越中さん追悼本出版 本紙連載「ここにおります」など収載

「ありがとう 越中さん」(長崎文献社)

 9月に99歳で亡くなった長崎市の郷土史家、越中哲也さんの追悼本「ありがとう 越中さん」(長崎文献社)が出版された。本紙文化面で連載した越中さんの聞き書き「ここにおります」などを収載している。
 同連載は、越中さんが98歳になった2019年12月から約1年間、全50回連載。長崎で生まれ育った幼少期から戦時中の思い出、戦後の郷土史家としての歩みや文化人らとの幅広い交流などを聞き書きした。
 追悼本は同連載50回分のほか、「越中哲也さんの実像を語る」として関係者の証言特集を掲載。
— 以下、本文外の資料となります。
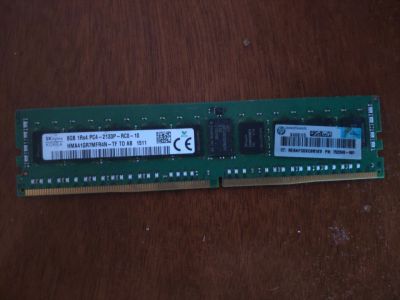 Лот: 24971044. Фото: 1. Серверная DDR 4 Ecc Hynix 8 gb... Оперативная память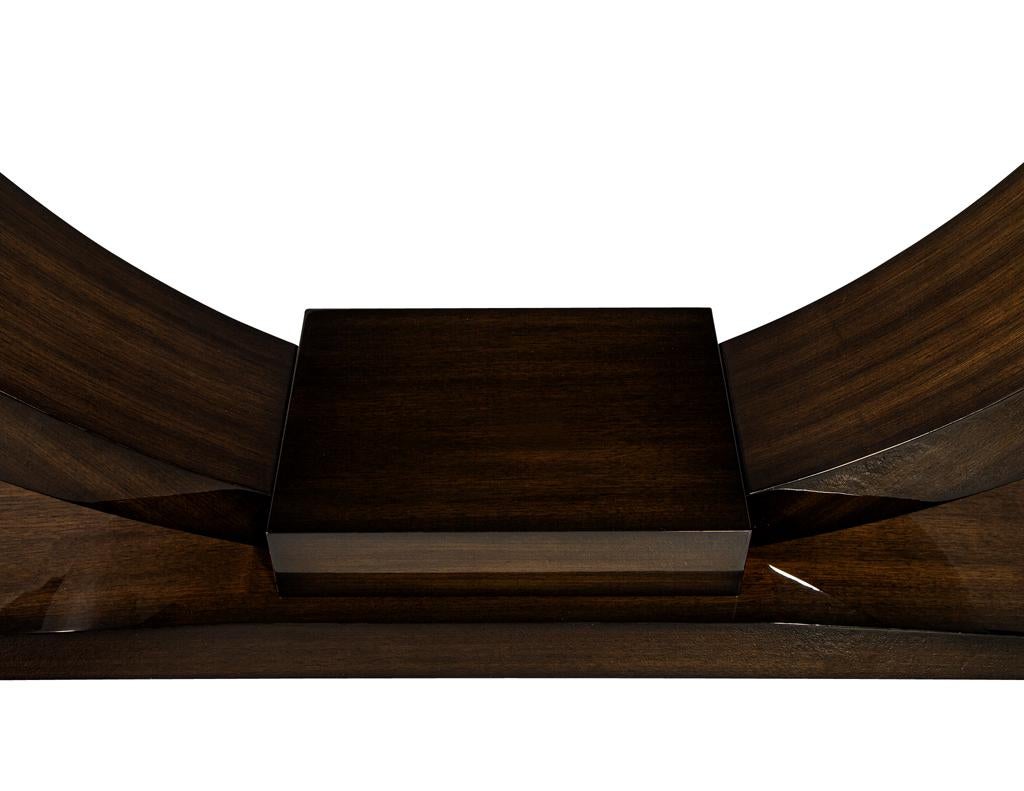 Custom Modern Console Table Art Deco Inspired by Carrocel For Sale 6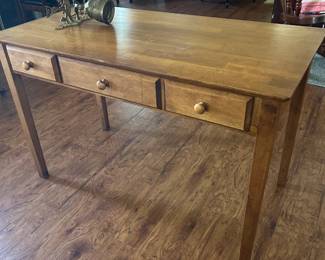 Pine desk. Writing or computer desk.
同市長崎学研究所の德永宏さん、長崎純心大学長の片岡瑠美子さん、NBC長崎放送の林田繁和さん、元長崎歴史文化協会理事の山口広助さん、活水女子大特別教授の下川達彌さん、越中さんの長女の越中桐さんの6人が寄稿した。
 越中桐さんは「父越中哲也の『それでも日常』」と題し、あまり知られていない家庭でのエピソードや、亡くなるまでの様子を紹介。「若いころは、さんざん母に迷惑のかけ通しだった父だが、最後は家族に何ひとつ迷惑もかけずに逝った。それは、最後の家族孝行だったかもしれないけれど、ぜったいに人に迷惑をかけたくないという父のプライドだったかもしれない」と振り返った。
 四六判、226ページ。1320円。県内の書店で販売中。